Бене Джессерит Паноплиа Пропетикус

 
   Скитейл насвистывал, вышагивая по коридору перед своими апартаментами. Взад и вперед, взад и вперед. Свист.
   Пусть они привыкнут к моему свисту.
   Под свист он составил слова песенки: «Сперва Тлейлаксу не говорит». Вновь и вновь слова перекатывались в его мозгу. Они не смогут использовать его клетки для того, чтобы восполнить генетическую брешь и выведать его секреты. Они должны прийти ко мне с дарами.
   Одрейд заглянула к нему «по пути на беседу с Мурбеллой». Она часто упоминала при нем пленную Чтимую Матру. В этом была какая-то цель, о сути которой он никак не мог догадаться. Угроза? Всегда возможно. Со временем и это будет раскрыто.
   — Я надеюсь, вас не гнетут никакие страхи, — сказала Одрейд.
   Они стояли в нише у окошка, через которое ему поставляли еду, он как раз ожидал появления ленча. Меню никогда не было полностью в его вкусе, но приемлемо. Сегодня он попросил даров моря. Невозможно предугадать, какую форму это примет.
   — Страхи? Бояться вас? Ах, дорогая Великая Мать, я бесценен для вас живой. Чего же мне бояться?
   — Мой Совет воздержался от решения относительно вашей просьбы.
   Этого я и ожидал.
   — Ошибочно ставить меня в затруднительное положение, — сказал он. — Ограничивает для вас возможности выбора. Ослабляет вас.
   На то, чтобы составить эти фразы, у него ушло несколько дней, и теперь он ждал, какой эффект они произведут.
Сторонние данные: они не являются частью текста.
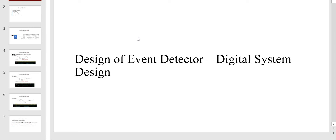Hi friends, welcome back. In this video we are going to design and implement an important digital design which is the event detector. We are going to design the circuit for the event detector as well as write its HDL code. First we are going to understand the event detector functionality and design its circuit diagram. In the next video of the event detector series we are going to write the HDL code, synthesize the design and simulate it. So let us get started.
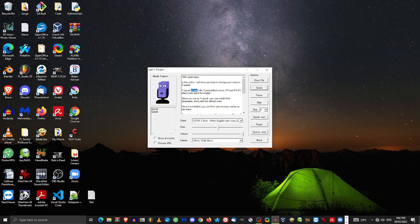eSpeak comes with two pre-installed voices, N and NF2, which both stand for English.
   — Зависит от того, как использовать инструмент, Мастер Скитейл. Некоторые инструменты ломаются, если их использовать неправильно.
   Будь ты проклята, ведьма!
   — Испытываете вплоть до угасания. Великая Мать? — улыбнулся Тлейлаксу, показывая острые клыки.
   — А вы действительно ожидаете, что я придам вам сил? — позволила она себе одну из редких вспышек юмора. — За что теперь торгуетесь, Скитейл?
   Я уже больше не Мастер Скитейл. Ударь ее клинком плашмя!
   — Вы Рассеиваете Сестер в надежде, что кто-нибудь из них избежит разрушения. А каковы экономические последствия ваших истерических действий?
   Последствия! Они всегда говорят о последствиях.
   — Мы пытаемся выиграть время, Скитейл, — очень мрачно.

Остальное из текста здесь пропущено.